• _TASK OBJECTIVE_:
Range to reproduce from the entries below: the line with "Piatti di carta", the line with "Altavoz DJ PARTY", and every line in between. Give them exactly and give nothing else.

Records from a dataset
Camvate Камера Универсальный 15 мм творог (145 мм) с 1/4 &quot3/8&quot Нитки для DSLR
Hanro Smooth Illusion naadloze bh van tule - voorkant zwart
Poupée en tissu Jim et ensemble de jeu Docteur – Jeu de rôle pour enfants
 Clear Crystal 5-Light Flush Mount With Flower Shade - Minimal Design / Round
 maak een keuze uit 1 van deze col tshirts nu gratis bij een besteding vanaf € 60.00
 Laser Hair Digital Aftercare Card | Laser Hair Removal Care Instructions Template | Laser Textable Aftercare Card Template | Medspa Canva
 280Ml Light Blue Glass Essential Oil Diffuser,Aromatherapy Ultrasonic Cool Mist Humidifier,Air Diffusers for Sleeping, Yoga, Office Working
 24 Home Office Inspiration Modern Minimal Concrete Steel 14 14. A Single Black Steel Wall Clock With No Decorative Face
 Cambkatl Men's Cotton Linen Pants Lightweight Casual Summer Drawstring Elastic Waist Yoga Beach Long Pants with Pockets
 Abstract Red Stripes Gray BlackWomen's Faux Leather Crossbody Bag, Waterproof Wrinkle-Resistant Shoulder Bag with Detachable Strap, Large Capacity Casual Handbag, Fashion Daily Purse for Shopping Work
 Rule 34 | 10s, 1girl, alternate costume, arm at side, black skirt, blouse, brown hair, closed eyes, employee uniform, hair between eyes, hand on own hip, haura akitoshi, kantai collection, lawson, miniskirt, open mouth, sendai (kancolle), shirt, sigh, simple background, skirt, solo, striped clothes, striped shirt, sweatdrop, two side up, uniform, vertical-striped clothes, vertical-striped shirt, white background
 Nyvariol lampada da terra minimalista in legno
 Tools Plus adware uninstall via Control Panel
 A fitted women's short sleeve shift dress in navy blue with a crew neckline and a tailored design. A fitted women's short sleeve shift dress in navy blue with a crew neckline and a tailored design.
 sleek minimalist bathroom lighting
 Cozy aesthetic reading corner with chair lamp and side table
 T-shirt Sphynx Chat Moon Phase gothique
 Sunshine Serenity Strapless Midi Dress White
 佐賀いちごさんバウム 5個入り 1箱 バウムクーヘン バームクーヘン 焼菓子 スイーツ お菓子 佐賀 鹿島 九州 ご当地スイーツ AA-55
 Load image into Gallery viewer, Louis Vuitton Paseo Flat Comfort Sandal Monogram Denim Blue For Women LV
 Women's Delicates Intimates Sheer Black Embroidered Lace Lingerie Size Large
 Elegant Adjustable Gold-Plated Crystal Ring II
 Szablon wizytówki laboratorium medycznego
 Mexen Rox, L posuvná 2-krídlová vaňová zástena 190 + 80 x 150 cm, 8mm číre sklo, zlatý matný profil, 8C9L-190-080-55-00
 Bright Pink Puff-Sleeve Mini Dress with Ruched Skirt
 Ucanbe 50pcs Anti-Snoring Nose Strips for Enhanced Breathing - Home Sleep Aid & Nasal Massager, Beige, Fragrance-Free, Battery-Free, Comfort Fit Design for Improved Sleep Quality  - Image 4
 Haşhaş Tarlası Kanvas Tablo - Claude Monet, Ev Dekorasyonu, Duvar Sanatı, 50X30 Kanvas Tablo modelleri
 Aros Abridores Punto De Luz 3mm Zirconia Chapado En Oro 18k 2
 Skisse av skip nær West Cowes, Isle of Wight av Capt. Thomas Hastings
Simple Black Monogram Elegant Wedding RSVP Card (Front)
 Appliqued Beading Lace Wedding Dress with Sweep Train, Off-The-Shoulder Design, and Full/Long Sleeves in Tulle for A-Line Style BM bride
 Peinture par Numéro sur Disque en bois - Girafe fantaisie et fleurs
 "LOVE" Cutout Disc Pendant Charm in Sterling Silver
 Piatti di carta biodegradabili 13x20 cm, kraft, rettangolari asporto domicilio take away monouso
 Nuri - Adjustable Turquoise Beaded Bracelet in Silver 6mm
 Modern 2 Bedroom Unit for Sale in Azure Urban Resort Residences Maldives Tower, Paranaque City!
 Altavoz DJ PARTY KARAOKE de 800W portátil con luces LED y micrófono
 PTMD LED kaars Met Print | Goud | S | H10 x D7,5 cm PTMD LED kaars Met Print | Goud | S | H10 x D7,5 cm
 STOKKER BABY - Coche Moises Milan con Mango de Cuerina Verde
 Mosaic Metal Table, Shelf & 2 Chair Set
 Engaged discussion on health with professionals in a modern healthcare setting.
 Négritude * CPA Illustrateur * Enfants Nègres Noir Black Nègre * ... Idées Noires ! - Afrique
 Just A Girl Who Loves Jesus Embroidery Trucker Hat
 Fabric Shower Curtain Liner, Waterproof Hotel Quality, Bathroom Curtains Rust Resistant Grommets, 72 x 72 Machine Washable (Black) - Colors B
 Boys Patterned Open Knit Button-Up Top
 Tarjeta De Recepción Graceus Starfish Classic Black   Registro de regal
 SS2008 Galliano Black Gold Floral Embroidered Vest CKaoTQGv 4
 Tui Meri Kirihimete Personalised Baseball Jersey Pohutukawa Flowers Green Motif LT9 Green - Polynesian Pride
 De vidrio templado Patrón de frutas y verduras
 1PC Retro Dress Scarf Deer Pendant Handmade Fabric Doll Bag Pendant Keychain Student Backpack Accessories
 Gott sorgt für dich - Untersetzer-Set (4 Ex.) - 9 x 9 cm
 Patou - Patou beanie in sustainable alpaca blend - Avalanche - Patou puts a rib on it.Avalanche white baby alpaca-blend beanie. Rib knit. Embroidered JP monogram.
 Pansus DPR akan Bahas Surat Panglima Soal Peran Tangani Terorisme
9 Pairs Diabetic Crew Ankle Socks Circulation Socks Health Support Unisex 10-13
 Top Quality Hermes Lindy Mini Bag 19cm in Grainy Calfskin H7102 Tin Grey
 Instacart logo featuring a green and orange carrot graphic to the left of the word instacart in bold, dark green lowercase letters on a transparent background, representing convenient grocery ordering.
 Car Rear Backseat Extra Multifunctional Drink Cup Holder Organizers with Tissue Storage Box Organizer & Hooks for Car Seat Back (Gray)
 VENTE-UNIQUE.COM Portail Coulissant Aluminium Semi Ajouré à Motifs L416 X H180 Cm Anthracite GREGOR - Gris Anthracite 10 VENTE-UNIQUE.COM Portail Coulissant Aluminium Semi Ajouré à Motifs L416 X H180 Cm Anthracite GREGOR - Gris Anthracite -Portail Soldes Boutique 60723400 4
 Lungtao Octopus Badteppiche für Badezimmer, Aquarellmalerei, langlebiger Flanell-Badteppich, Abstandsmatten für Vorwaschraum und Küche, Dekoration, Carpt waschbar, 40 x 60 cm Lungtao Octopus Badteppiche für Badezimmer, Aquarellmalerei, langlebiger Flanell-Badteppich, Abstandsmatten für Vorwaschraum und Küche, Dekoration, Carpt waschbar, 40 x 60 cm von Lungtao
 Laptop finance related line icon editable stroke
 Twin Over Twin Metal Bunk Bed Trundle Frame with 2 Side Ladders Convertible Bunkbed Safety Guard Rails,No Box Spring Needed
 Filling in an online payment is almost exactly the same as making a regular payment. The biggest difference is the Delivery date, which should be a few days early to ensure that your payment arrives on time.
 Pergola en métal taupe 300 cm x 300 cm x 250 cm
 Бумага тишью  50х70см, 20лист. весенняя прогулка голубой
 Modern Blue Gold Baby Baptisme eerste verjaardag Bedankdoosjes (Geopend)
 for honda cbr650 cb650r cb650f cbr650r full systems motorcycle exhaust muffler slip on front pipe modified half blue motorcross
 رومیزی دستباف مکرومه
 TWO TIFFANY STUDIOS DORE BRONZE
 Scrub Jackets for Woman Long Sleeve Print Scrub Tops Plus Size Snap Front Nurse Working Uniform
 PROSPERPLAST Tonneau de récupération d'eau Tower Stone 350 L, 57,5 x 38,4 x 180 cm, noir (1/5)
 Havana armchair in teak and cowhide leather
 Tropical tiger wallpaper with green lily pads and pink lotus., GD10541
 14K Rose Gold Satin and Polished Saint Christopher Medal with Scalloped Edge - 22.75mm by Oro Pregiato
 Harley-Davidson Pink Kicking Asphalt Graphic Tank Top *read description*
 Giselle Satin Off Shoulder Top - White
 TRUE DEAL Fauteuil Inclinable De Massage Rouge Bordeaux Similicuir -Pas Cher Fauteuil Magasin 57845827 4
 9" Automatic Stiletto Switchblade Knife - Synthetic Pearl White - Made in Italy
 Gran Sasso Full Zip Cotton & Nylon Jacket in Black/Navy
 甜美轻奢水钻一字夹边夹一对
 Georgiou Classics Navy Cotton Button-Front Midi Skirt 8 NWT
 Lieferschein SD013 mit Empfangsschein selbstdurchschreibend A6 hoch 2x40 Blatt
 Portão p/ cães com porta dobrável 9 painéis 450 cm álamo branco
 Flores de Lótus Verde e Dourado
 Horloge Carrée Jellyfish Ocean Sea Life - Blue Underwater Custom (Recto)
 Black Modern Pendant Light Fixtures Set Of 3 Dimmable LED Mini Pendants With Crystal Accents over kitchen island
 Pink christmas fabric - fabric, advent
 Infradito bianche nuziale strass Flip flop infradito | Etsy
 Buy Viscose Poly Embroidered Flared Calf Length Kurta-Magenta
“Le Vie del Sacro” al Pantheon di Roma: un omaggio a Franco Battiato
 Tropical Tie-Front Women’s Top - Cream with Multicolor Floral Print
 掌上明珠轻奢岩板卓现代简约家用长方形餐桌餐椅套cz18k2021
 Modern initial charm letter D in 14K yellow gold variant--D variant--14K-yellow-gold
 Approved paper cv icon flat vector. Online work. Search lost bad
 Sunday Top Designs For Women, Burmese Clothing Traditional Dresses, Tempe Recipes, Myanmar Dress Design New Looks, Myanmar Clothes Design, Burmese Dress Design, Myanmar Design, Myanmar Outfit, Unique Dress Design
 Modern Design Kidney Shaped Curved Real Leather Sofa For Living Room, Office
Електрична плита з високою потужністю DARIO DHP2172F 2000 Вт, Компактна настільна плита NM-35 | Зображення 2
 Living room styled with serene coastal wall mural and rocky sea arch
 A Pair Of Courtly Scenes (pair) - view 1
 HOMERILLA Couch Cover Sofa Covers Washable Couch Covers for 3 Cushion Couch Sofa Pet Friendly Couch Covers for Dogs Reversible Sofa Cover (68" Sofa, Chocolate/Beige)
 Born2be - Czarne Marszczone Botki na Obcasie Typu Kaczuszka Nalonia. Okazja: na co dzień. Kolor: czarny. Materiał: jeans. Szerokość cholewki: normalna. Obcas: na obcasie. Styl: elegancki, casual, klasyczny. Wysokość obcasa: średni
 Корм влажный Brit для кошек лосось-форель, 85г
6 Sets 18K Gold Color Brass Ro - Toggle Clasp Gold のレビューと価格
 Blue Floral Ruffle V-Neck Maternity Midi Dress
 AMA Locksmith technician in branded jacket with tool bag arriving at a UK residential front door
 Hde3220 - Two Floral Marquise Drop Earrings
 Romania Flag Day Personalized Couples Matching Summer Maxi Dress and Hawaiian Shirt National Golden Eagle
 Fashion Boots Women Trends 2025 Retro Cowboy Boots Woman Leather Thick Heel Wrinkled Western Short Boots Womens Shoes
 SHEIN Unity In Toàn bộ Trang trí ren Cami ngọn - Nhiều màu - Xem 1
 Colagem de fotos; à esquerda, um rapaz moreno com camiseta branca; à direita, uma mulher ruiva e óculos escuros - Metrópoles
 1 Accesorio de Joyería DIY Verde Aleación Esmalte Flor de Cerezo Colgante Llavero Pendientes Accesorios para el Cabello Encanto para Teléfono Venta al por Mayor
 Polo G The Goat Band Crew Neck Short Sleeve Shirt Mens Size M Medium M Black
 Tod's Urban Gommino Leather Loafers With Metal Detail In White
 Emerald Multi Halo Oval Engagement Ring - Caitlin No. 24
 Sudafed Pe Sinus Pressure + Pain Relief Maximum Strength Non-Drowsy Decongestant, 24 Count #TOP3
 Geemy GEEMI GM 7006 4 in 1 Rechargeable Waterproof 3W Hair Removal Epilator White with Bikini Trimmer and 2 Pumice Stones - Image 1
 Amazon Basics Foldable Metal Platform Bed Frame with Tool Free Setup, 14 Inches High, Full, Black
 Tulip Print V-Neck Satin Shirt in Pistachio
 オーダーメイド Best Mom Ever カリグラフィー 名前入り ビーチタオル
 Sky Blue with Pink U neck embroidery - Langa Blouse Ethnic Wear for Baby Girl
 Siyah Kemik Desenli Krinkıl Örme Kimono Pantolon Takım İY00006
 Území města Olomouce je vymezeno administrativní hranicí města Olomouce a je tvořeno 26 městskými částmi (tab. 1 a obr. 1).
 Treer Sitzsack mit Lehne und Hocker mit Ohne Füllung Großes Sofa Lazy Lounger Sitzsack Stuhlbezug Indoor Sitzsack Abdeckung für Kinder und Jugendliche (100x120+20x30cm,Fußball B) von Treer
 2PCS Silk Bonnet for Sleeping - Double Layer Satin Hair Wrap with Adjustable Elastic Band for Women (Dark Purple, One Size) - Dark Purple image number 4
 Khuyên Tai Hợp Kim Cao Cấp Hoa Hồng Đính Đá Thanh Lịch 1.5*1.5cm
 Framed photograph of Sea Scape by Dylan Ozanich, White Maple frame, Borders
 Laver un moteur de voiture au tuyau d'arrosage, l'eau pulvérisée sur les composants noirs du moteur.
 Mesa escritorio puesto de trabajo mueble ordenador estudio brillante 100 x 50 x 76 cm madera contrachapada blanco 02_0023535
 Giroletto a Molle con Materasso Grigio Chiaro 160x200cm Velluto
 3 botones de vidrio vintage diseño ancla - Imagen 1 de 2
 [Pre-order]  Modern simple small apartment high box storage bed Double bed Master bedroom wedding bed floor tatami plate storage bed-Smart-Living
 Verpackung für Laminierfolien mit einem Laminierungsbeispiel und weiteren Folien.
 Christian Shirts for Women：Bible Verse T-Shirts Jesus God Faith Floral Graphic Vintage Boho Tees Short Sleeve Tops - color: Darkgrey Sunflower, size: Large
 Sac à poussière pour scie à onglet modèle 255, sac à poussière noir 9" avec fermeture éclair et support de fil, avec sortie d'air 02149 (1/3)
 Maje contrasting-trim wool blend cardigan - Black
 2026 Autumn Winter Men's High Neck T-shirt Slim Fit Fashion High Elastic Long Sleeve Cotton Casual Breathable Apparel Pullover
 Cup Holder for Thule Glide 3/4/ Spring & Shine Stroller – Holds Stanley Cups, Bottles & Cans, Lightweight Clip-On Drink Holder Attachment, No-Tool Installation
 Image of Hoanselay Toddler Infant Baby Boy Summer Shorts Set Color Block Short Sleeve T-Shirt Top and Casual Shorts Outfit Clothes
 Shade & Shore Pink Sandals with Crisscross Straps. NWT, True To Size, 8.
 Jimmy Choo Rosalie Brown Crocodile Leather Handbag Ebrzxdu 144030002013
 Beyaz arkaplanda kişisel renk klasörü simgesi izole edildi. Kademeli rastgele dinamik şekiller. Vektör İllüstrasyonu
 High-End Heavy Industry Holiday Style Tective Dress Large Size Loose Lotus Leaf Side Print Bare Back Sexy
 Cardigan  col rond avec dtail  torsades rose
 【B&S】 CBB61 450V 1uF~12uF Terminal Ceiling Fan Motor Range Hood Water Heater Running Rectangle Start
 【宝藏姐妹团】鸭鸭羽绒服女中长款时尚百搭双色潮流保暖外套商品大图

• _TASK RESULT_:
 Piatti di carta biodegradabili 13x20 cm, kraft, rettangolari asporto domicilio take away monouso
 Nuri - Adjustable Turquoise Beaded Bracelet in Silver 6mm
 Modern 2 Bedroom Unit for Sale in Azure Urban Resort Residences Maldives Tower, Paranaque City!
 Altavoz DJ PARTY KARAOKE de 800W portátil con luces LED y micrófono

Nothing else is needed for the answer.